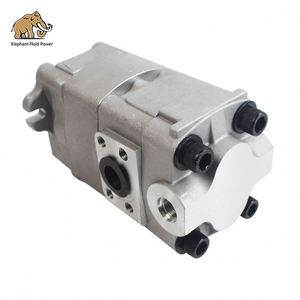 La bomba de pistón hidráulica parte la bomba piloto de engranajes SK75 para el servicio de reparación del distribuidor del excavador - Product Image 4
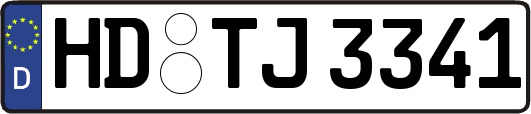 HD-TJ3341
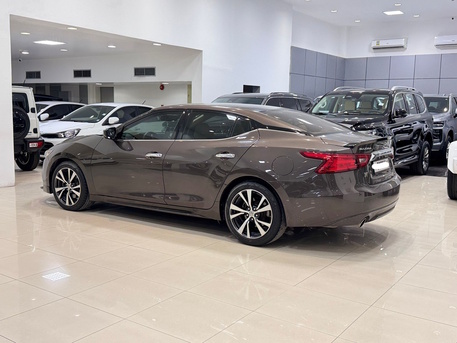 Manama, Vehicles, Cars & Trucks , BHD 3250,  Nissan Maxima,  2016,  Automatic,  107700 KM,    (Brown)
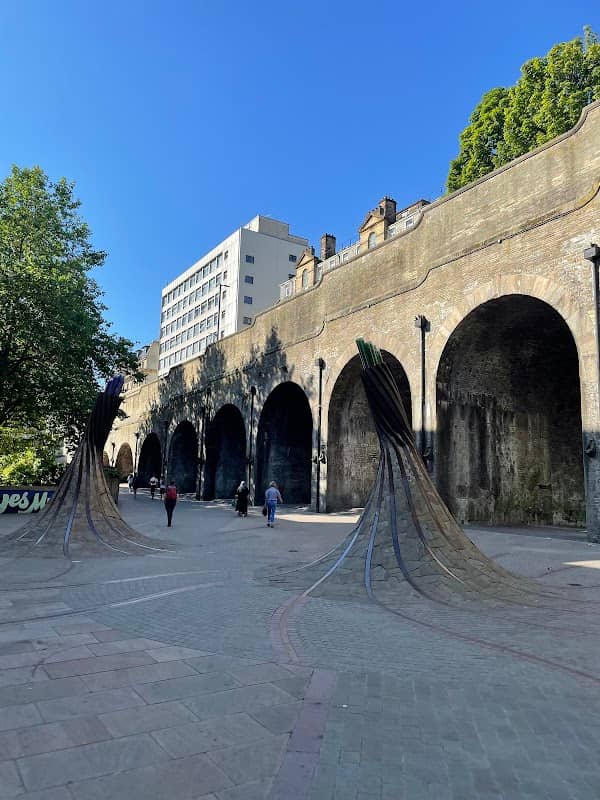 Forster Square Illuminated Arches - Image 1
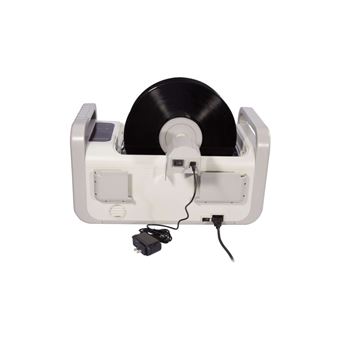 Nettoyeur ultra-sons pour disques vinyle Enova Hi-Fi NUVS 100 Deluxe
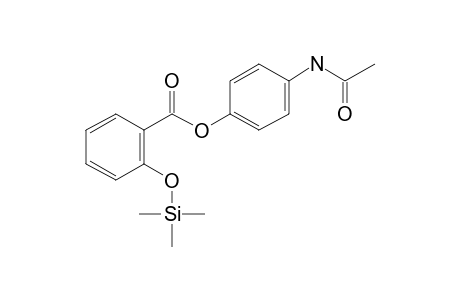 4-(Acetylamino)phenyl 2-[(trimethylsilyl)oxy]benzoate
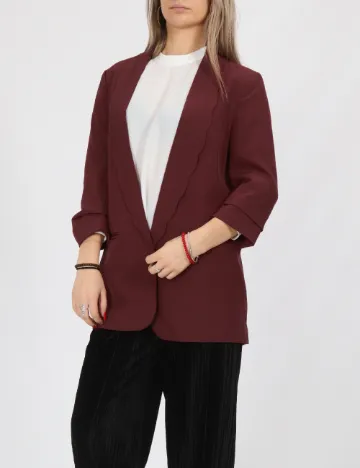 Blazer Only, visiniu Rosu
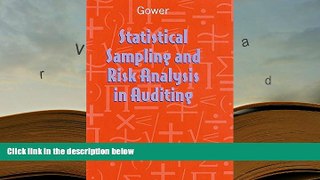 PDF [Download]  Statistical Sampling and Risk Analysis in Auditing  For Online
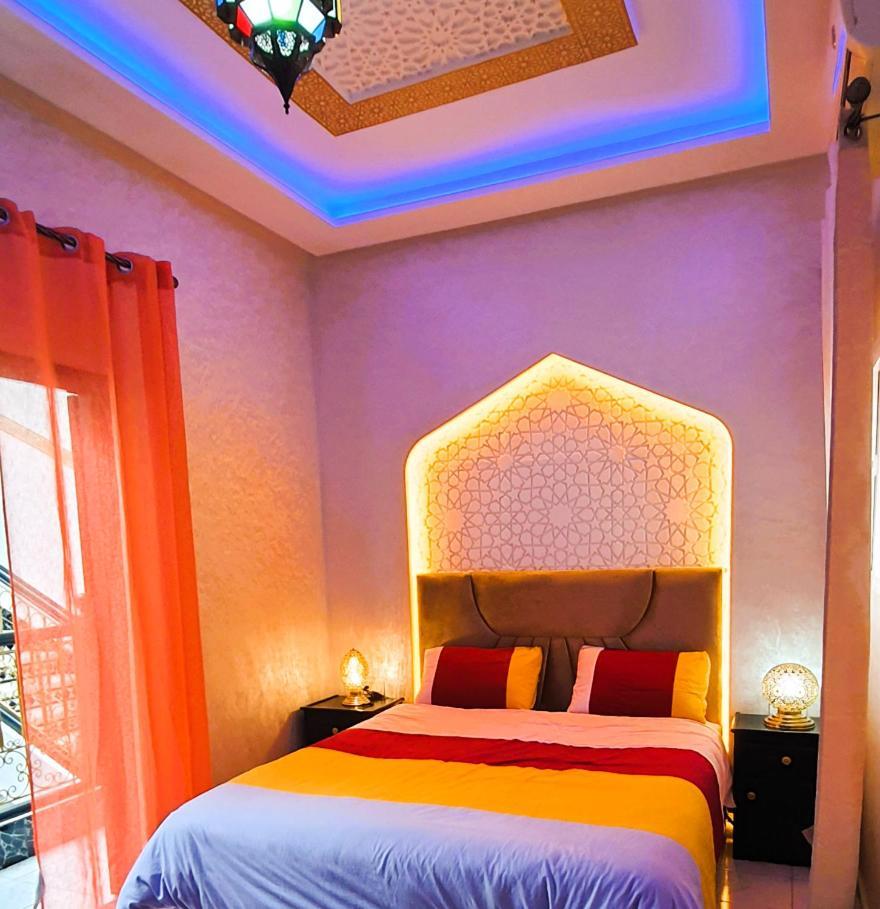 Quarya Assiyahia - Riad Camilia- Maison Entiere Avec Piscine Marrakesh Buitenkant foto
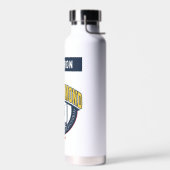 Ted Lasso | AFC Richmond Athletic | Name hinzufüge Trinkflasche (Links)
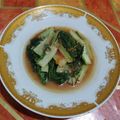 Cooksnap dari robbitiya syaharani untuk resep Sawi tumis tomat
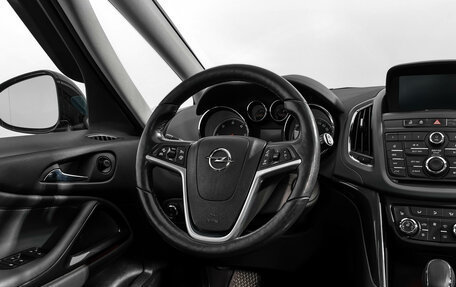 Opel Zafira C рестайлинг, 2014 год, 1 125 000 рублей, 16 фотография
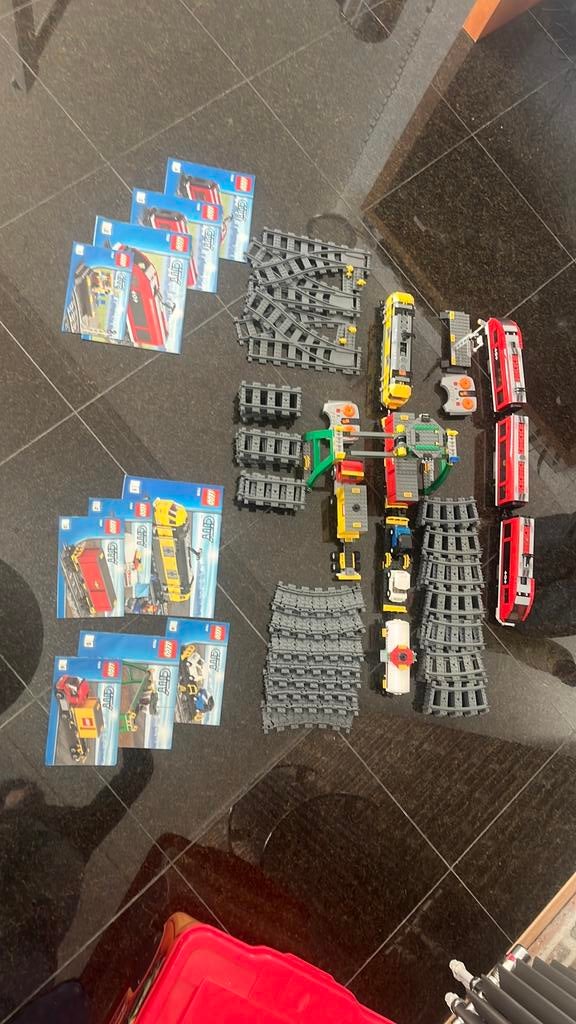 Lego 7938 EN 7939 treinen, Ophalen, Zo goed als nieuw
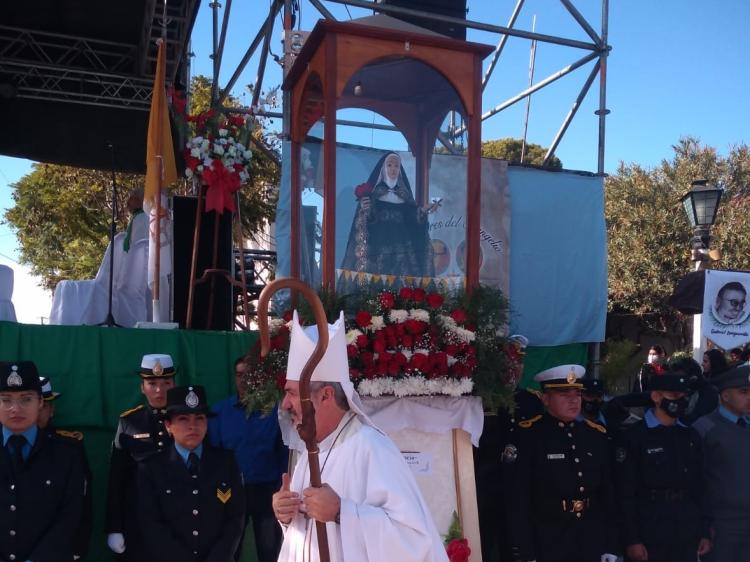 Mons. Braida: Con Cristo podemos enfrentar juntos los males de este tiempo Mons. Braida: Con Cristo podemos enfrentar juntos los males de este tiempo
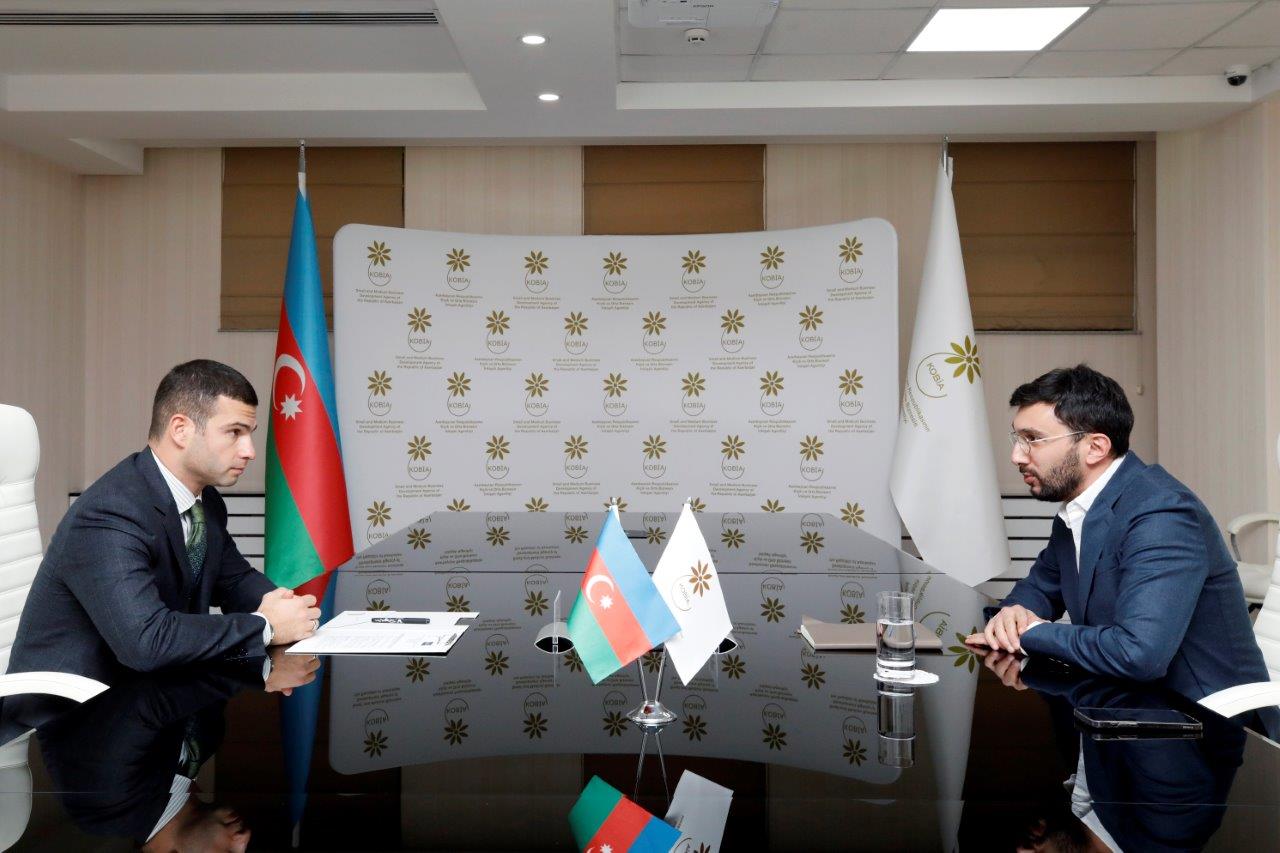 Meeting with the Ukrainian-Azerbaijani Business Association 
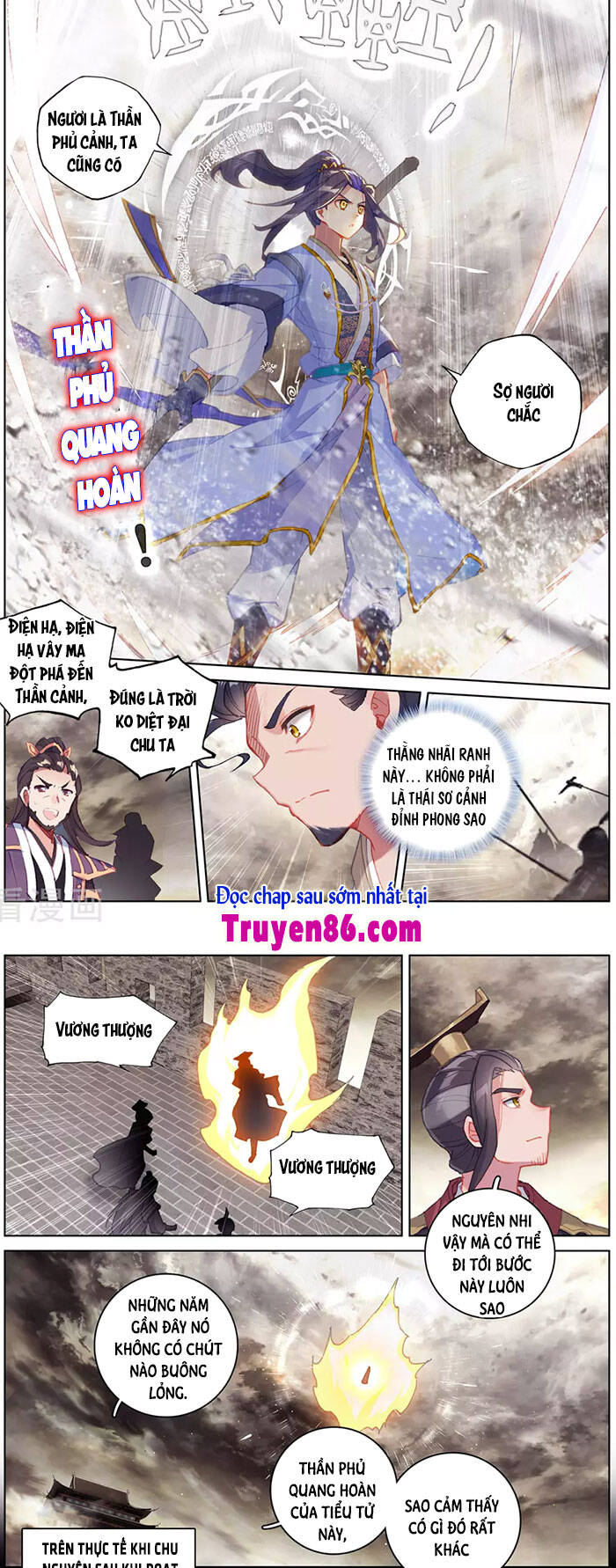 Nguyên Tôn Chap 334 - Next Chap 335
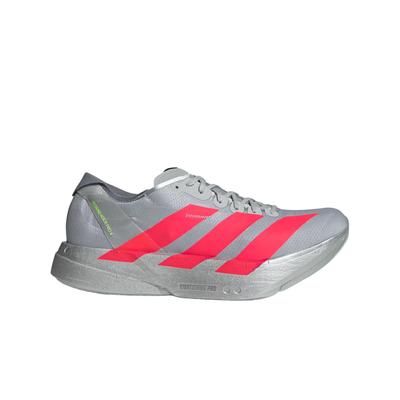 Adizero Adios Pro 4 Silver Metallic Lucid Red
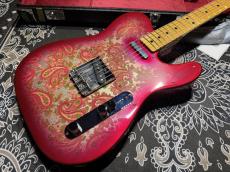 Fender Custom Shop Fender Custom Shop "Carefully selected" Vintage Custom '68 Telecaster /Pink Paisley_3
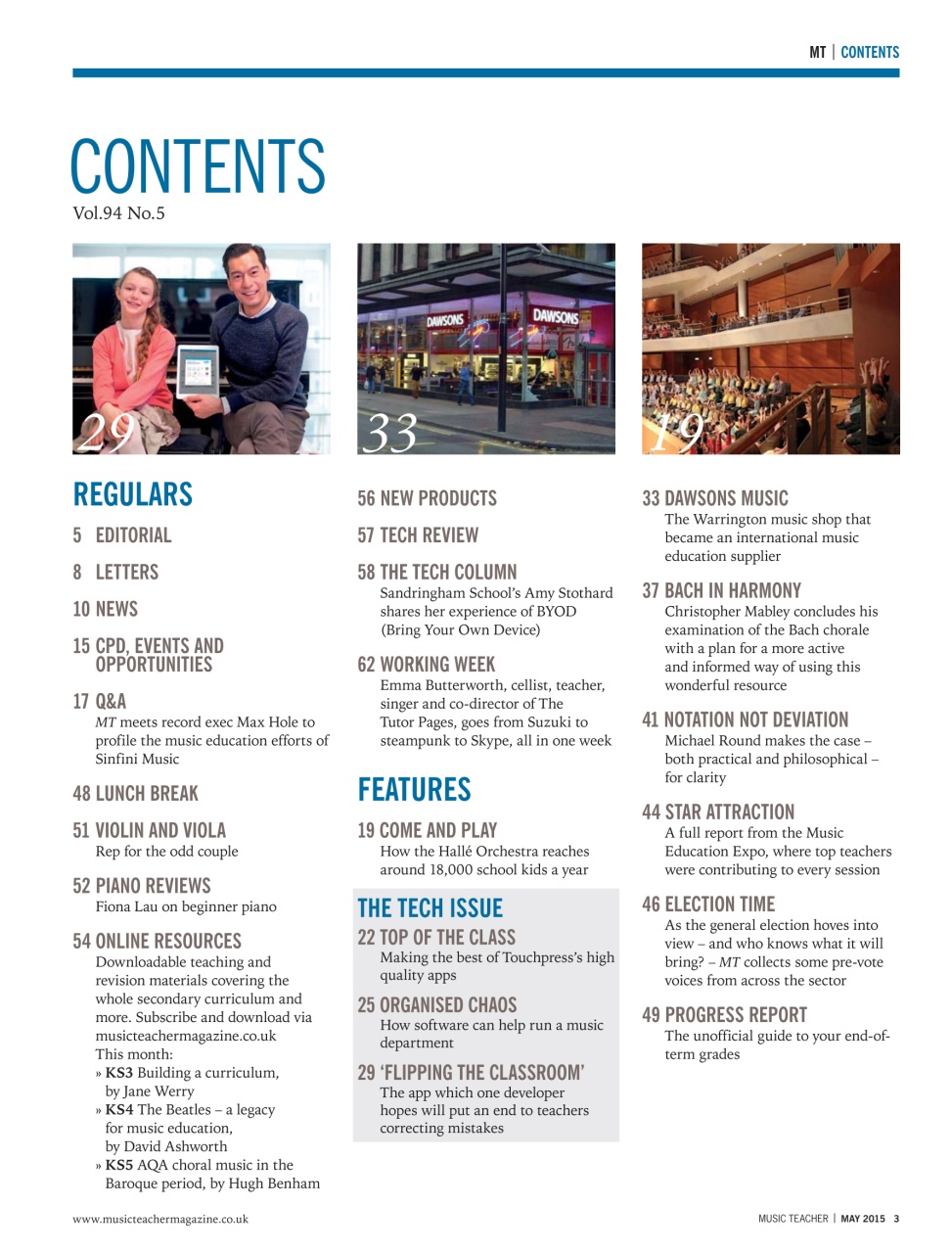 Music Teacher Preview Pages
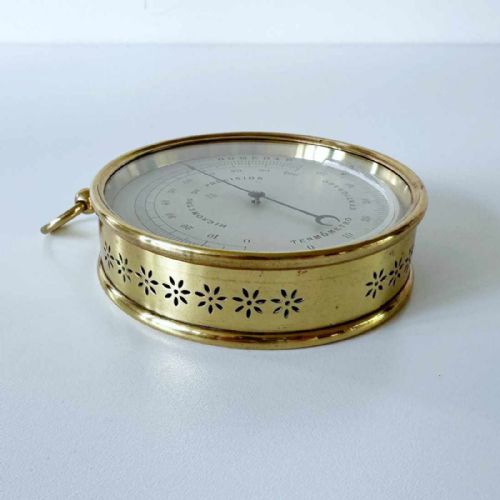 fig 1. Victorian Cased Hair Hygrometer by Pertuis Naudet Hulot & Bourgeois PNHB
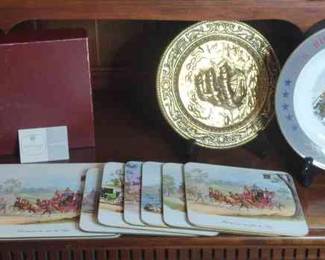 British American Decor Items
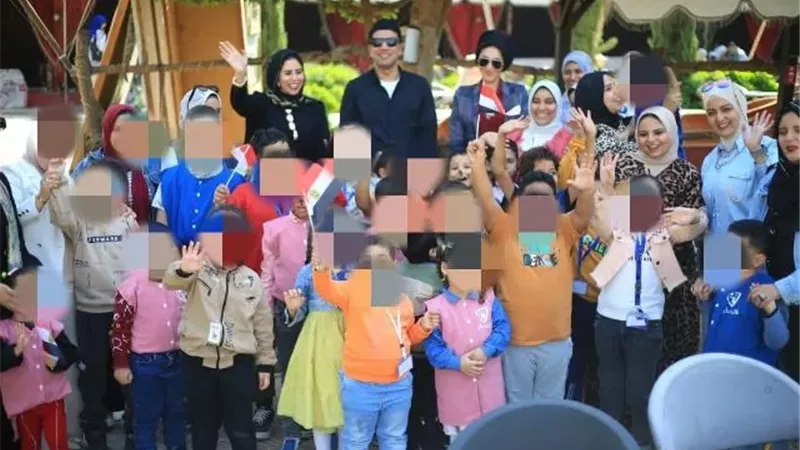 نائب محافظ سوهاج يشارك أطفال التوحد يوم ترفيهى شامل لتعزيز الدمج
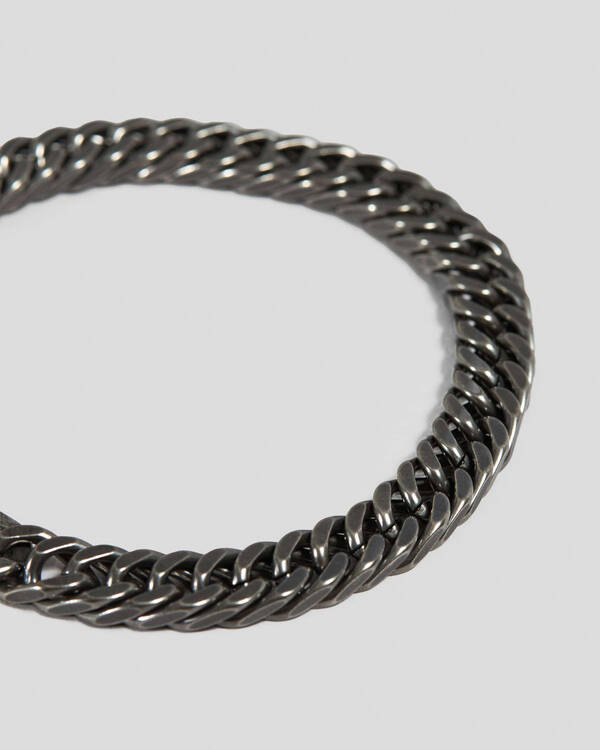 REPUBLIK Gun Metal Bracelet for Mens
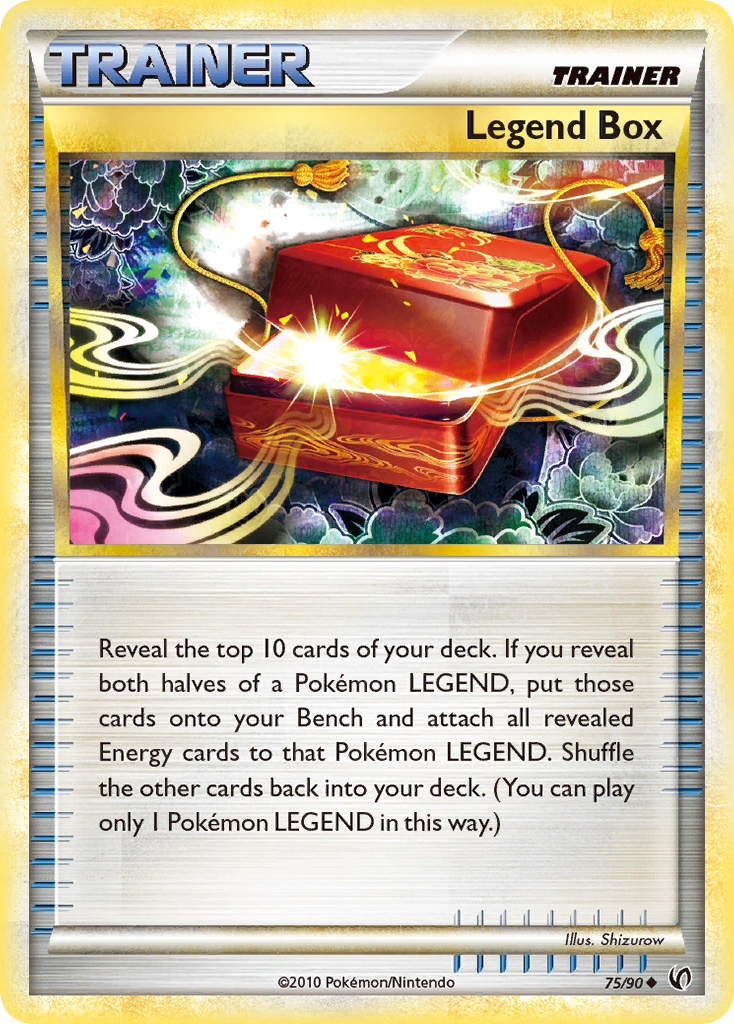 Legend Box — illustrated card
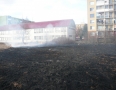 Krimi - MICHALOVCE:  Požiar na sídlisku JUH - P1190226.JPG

> **WHAT TO WORK ON**
Print the part of the listing above that opens with the line containing "Forster Square Illuminated Arches - Image 1" and closes with the line containing "este tiempo Mons.". Copy it exactly, both ends included, and omit the pictures.

> **SOLVED EXERCISE**
 Forster Square Illuminated Arches - Image 1
 Nettoyeur ultra-sons pour disques vinyle Enova Hi-Fi NUVS 100 Deluxe
 4-(Acetylamino)phenyl 2-[(trimethylsilyl)oxy]benzoate
 Blazer Only, visiniu Rosu
 PDF [Download]  Statistical Sampling and Risk Analysis in Auditing  For Online
 Quarya Assiyahia - Riad Camilia- Maison Entiere Avec Piscine Marrakesh Buitenkant foto
 Ted Lasso | AFC Richmond Athletic | Name hinzufüge Trinkflasche (Links)
 Cooksnap dari robbitiya syaharani untuk resep Sawi tumis tomat
 Opel Zafira C рестайлинг, 2014 год, 1 125 000 рублей, 16 фотография
 Lego 7938 EN 7939 treinen, Ophalen, Zo goed als nieuw
 Mons. Braida: Con Cristo podemos enfrentar juntos los males de este tiempo Mons. Braida: Con Cristo podemos enfrentar juntos los males de este tiempo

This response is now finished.